## What is required:
Among the entries below, only the lines from the one with "2 cangoriyên berxwedana" through the one with "F-16 təyyarələri gətiriləcək" are wanted, reproduced exactly. Pictures are not wanted.

## Given entries:
== == ==

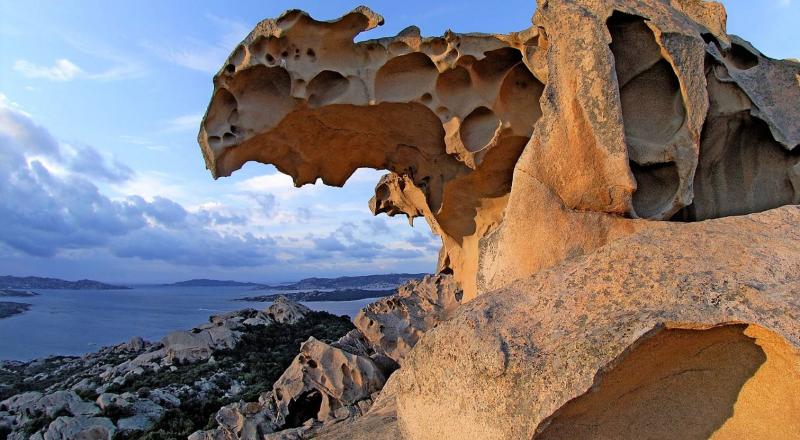 Palau: ripartono le visite alla Fortezza di Monte Altura, alla Roccia dell’Orso ed al Museo Etnografico Palau: ripartono le visite alla Fortezza di Monte Altura, alla Roccia dell’Orso ed al Museo Etnografico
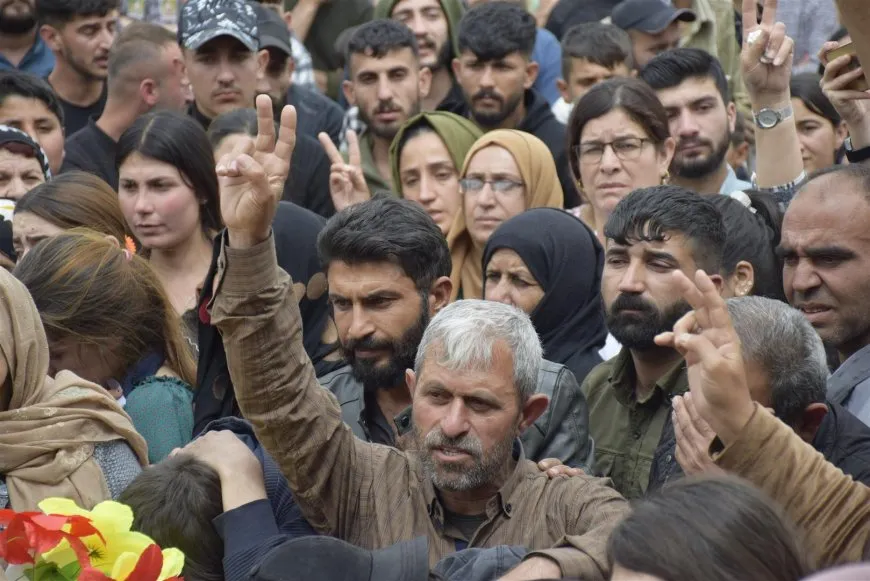 2 cangoriyên berxwedana Tişrînê hatin oxirkirin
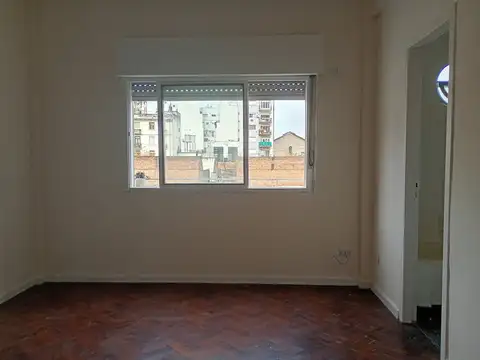Departamento en Alquiler en Abasto, $ 600.000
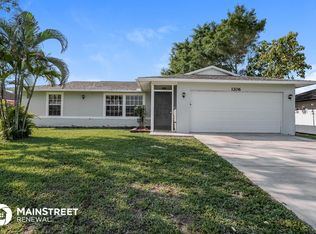 1206 NE 12th Ter, Cape Coral, FL 33909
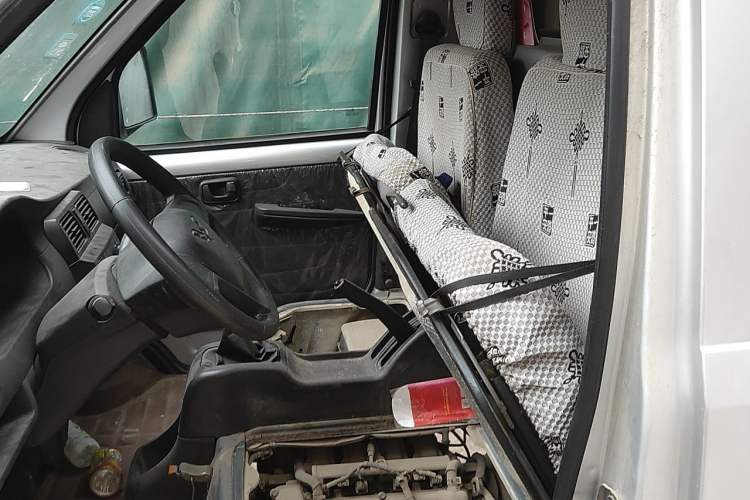 Used Wuling Rongguang Small Truck 2012 1.5L Single-Row Basic Version L3C Left Front Seat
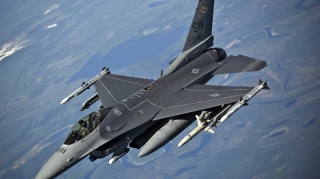 Zelenski:  Yaxın zamanda Ukraynaya F-16 təyyarələri gətiriləcək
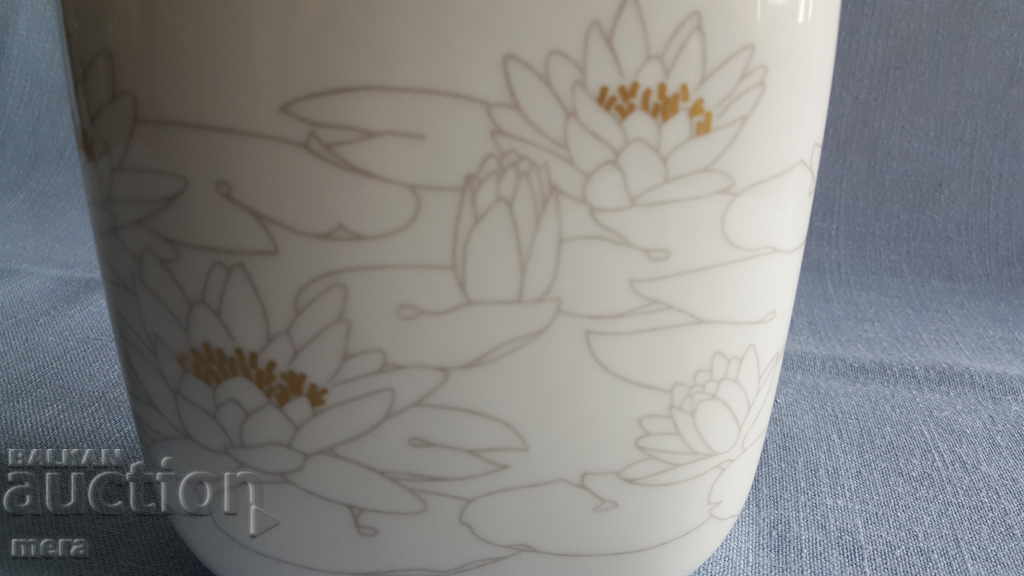 Porcelain stylish collector's vase - Rosenthal with price 160.00 BGN | € 81.81 Porcelain stylish collector's vase - Rosenthal with price 160.00 BGN | € 81.81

== == ==

## Solution for this exercise:
 2 cangoriyên berxwedana Tişrînê hatin oxirkirin
Departamento en Alquiler en Abasto, $ 600.000
 1206 NE 12th Ter, Cape Coral, FL 33909
 Used Wuling Rongguang Small Truck 2012 1.5L Single-Row Basic Version L3C Left Front Seat
 Zelenski:  Yaxın zamanda Ukraynaya F-16 təyyarələri gətiriləcək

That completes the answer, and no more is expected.